Do you know of any audio / video / electronics stores in the Angeles / San Fernando / Subic area that sell a selection of brand name home theatre audio systems?

Here is Subic I have been to several places including Abensen and Western Appliance, and they both have some Pioneer HT receivers, but nothing else. They are ok but I was hoping to find some other options to look at.
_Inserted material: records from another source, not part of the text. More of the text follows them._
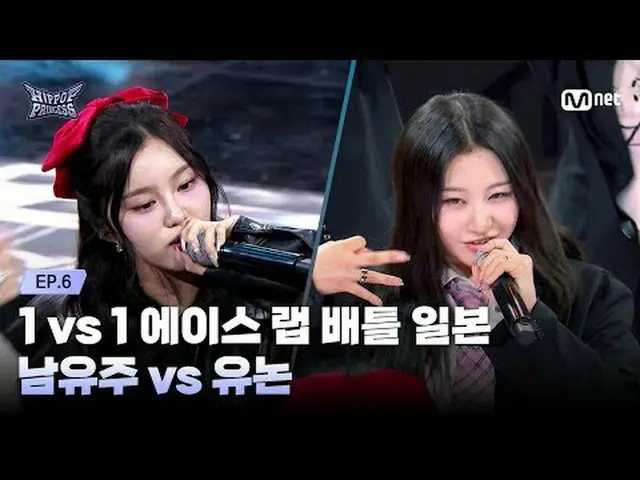 티빙에서 스트리밍 :  𝙈𝙖𝙠𝙚 𝙮𝙤𝙪𝙧𝙨𝙚𝙡𝙛. 𝙈𝙖𝙠𝙚 𝙢𝙮𝙨𝙚𝙡𝙛.새로운 아이덴티티 ‘HIP POP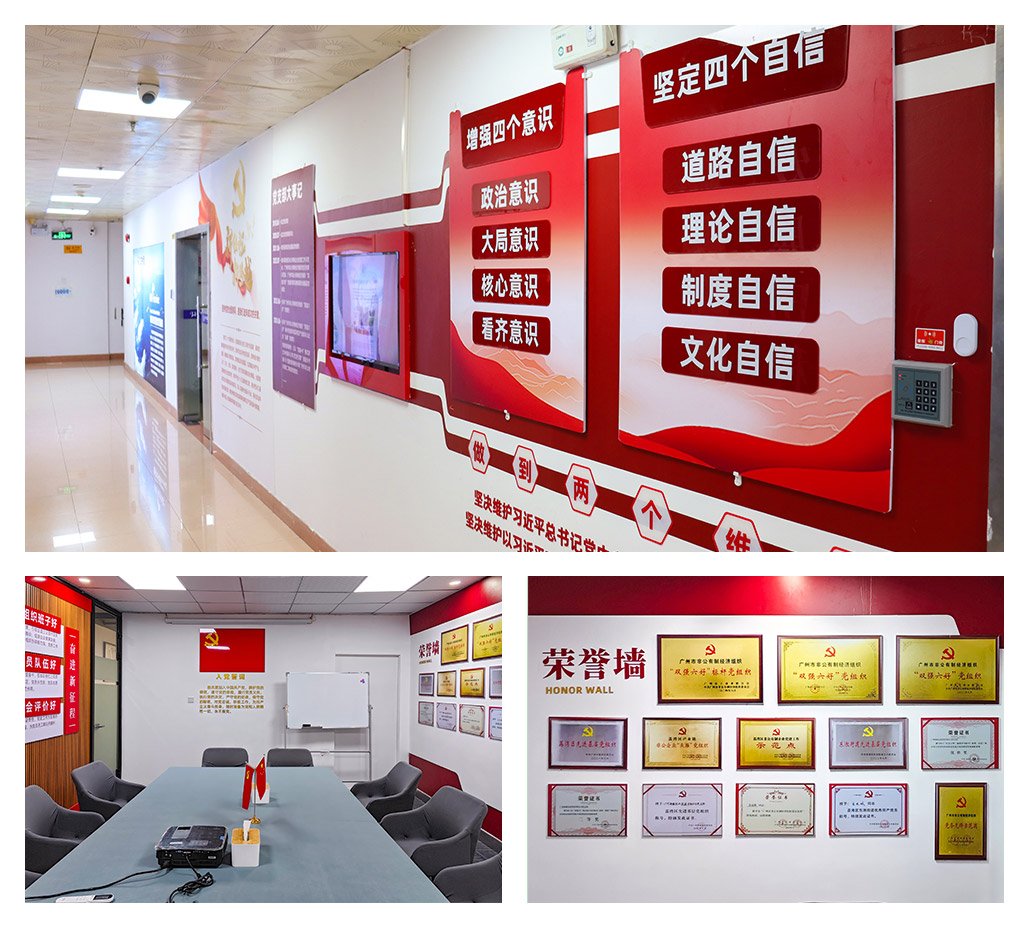 俄罗斯专享会294·VIP(中国区)官方网站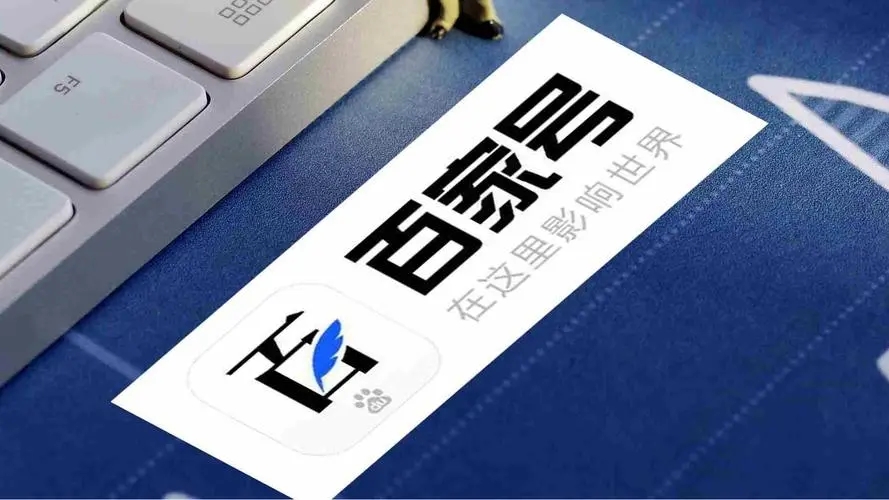 百家號id在哪里查看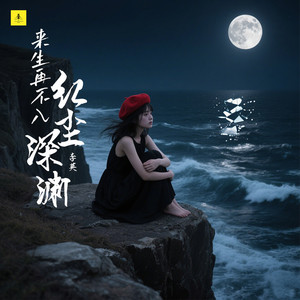 来生再不入红尘深渊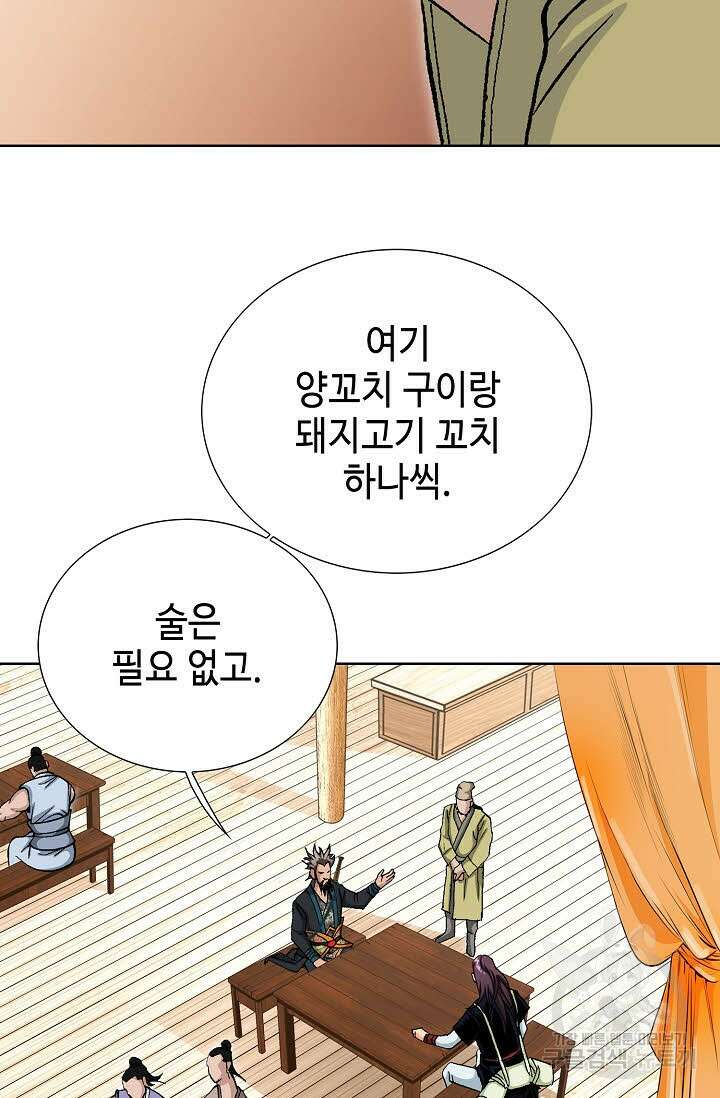 태극무존 56화 39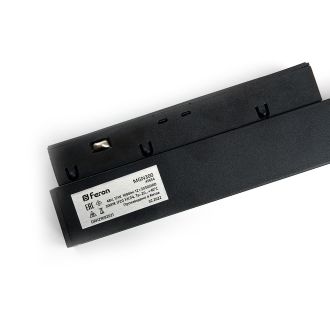 Светильник светодиодный Feron MGN300 трековый низковольтный 12W, 1080 Lm, 3000К, 30 градусов, черный серия LensLine, 41934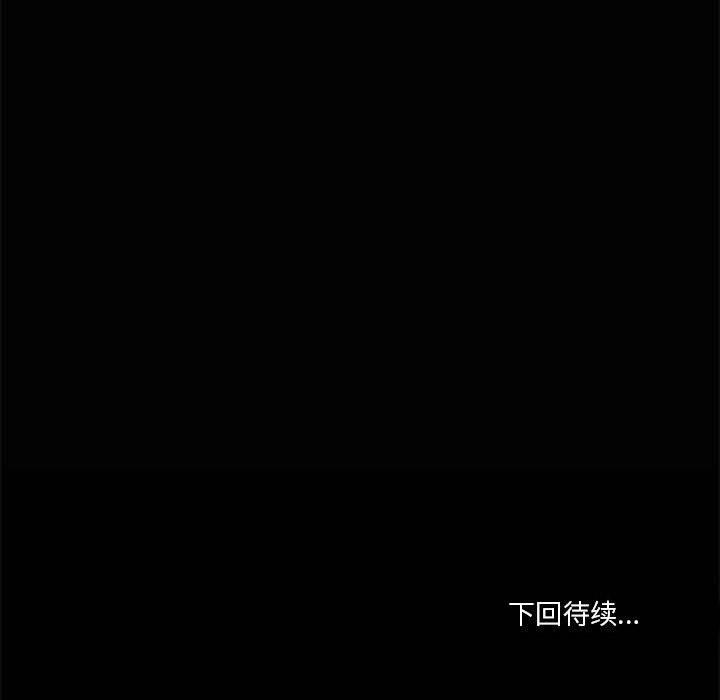 第117张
At Alabang Festival mall down south of Manila there was a high end shop, but I am not wanting to spend a fortune. I would just like to find a nice solid name brand unit for a reasonable price. Reasonable probably means double what it would cost in the U.S.!

Any tips are appreciated!


----------



## Phil_expat (Jan 3, 2011)

Enigma is one of the better stores
Enigma Technologies Home Page


----------



## Phil_expat (Jan 3, 2011)

Since the tariff is high on electronic items coming in the Philippines I usually buy them during my visits to the USA. I take them out the box and pack them like it was used. Did this at least 12 times and customs never check my luggage. Philippine homes are wired the same as USA two 110v and one common. They get 220v by using the two 110V same as 220v appliances in the USA. I simply replace one of the 110V with the common at the AC outlet for my 110V items.


----------



## DonAndAbby (Jan 7, 2013)

Phil_expat said:


> Enigma is one of the better stores
> Enigma Technologies Home Page


Thanks for the tip! I will take a look.

I had a really nice older Denon last year in the US, but I sold it when I left because it was not HDMI capable.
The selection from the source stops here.